Lions kicker Jake Bates made three field goals of 60 or more yards during the most recent UFL season, and Lions coach Dan Campbell thinks Bates could conceivably make one from beyond 70 yards.
Campbell said that on Monday night, he was thinking about how long a field goal Bates could make and would have considered sending Bates out to try a 73-yard field goal. At the end of the first half on Monday, the Lions returned a Seahawks missed field goal to their own 22-yard line, and the Seahawks committed a facemasking penalty that gave the Lions an opportunity for an untimed down from their own 37-yard line. Campbell declined the penalty and went into halftime, but he said that if the penalty had taken the Lions out to their own 45-yard line, he might have had Bates try a 73-yard field goal before halftime.

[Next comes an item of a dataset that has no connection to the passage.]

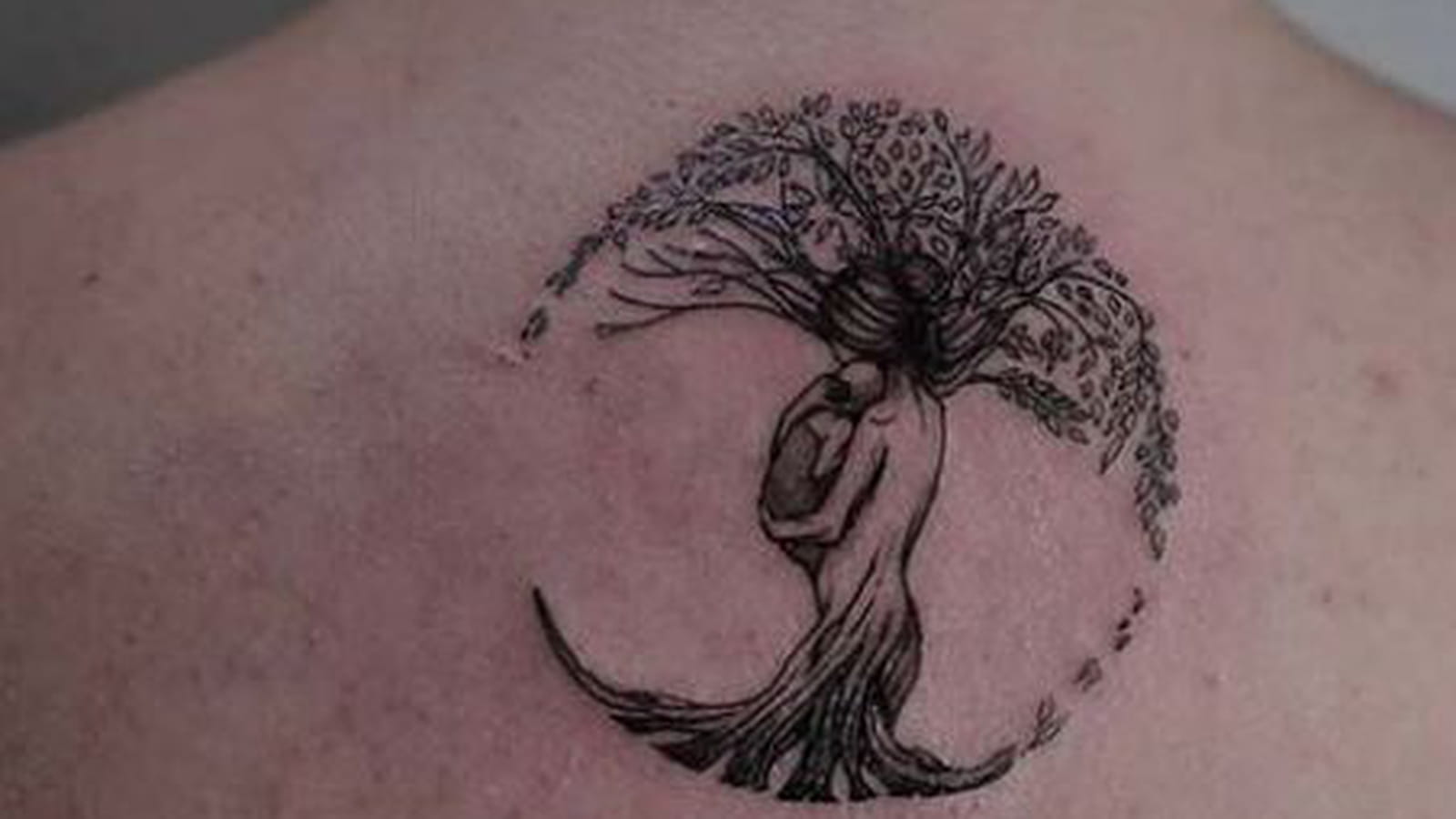 Arbre de vie et maternité dans le dos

“I was trying to get him there,” Campbell said. “That’s probably a little much, if I thought we could’ve gotten to the minus-45 it would have been worth it just to see him swing at one. I would have liked to see that too. I told [Lions special teams coach Dave Fipp] today, it would have been nice to let him swing at one, but we couldn’t quite get there. . . . It was just too far. . . . If it’s a little low, it gets blocked and it’s too much of a risk.”
The NFL record is 66 yards, but there are several kickers who appear capable of making a field goal from farther out than that, if given the chance. Bates is one of them, and Campbell might just give him a chance to make one from beyond 70, if the right situation arises.